View Full Version : Parsing Power Point Files
daenku32
10-21-2005, 02:28 PM
We have hundreds of power point documents, many of which's particular slides (pages) are only applicable under certain conditions. And these documents are saved in HTML format for viewing with IE. I am now looking into parsing the power point files to remove specific slides based on conditions.
So I'm right now looking at couple of options:
1. Insert text field into each slide containing the condition and having the web programmers do Regular Expression search through each slide, looking for the condition field.
2. Convert to a new standard in which I could define a condition field at a standard location of slide/page. However the new standard would need an easy to use GUI (for non-programmers) for creating content for the slides/pages.
Not sure which would be better on the long run. Any suggestions?
darksidepuffin
10-21-2005, 04:28 PM
Option one may be easiest if you -need- to use powerpoint -- I'm not familiar with powerpoint's output html...but I imagine thats the easiest you'll get..although it's still going to be quite tedious.
What language?
daenku32
10-21-2005, 05:12 PM
I believe they (Regional IT department, they control all the programming aspects of the site) uses one of the VB related languages (.NET, Script etc).
I would be open for non-PowerPoint standard, but like I said, the publishing must be simple without any programming involved.
darksidepuffin
10-21-2005, 05:20 PM
You could use a standard issue input based script that used form fields much like posts for this forum use...which may be easier or more difficult depending on the nature of the content of the powerpoints. These can often be made easier to maintain by people who prefer a gui by using a client side scripting WYSIWYG solution. Though quite often even the most development-shy person finds a standard form input easy to use.

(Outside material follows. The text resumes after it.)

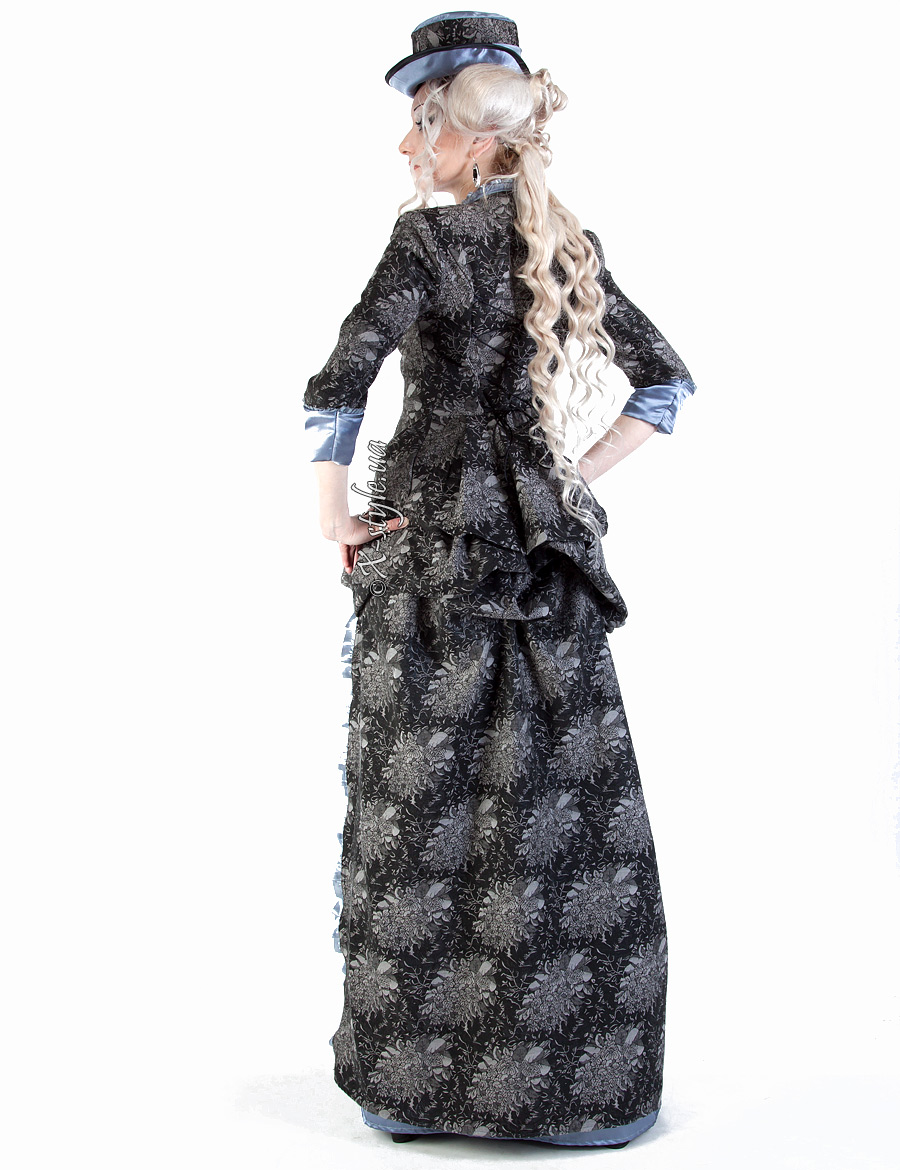 Chic Victorian 19th century Dress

If you could give us some idea of the nature of the slides content(eg: is it mainly text?mainly imagery?does it require combinations of both?does it require certain features that may be difficult to emulate outside of powerpoint?) it may help us give you some ideas.
daenku32
10-22-2005, 11:53 AM
You could use a standard issue input based script that used form fields much like posts for this forum use...which may be easier or more difficult depending on the nature of the content of the powerpoints. These can often be made easier to maintain by people who prefer a gui by using a client side scripting WYSIWYG solution. Though quite often even the most development-shy person finds a standard form input easy to use.
If you could give us some idea of the nature of the slides content(eg: is it mainly text?mainly imagery?does it require combinations of both?does it require certain features that may be difficult to emulate outside of powerpoint?) it may help us give you some ideas.
The actual content is techinical assembly instructions; pictures, arrows, text, etc.. With each of those objects not having a strict location on the sheet. Picture sizes and dimensions vary quite a bit. As do the text locations. All of this 'freestyle' is then surrounded by some predefined ares (name, date, etc). We use the 'freestyle' so we can get the most usage (minimal white space) out of a single page.
But even the predefined areas are filled by using PowerPoint alone. We don't second touch the source files after they are saved by PP.
I suppose parsing PP files or adding an XML element to the slide during it's creation would be more of a question to MS, I just hate to try to find help from them.
darksidepuffin
10-22-2005, 12:07 PM
In that case..you may be better off exporting the PP files as your doing. As far as parsing them...I have no familiarity with what exported powerpoints look like(I have had no use for the program outside of powerpoint projects in school) -- so if you could make up say a 2 slide presentation and export/post it here so I can see the output html...it may help give you some ideas as to the parsing.
daenku32
10-22-2005, 12:49 PM
Even a two page presentation seemed to give a few kilobytes of code. Including separate XML files...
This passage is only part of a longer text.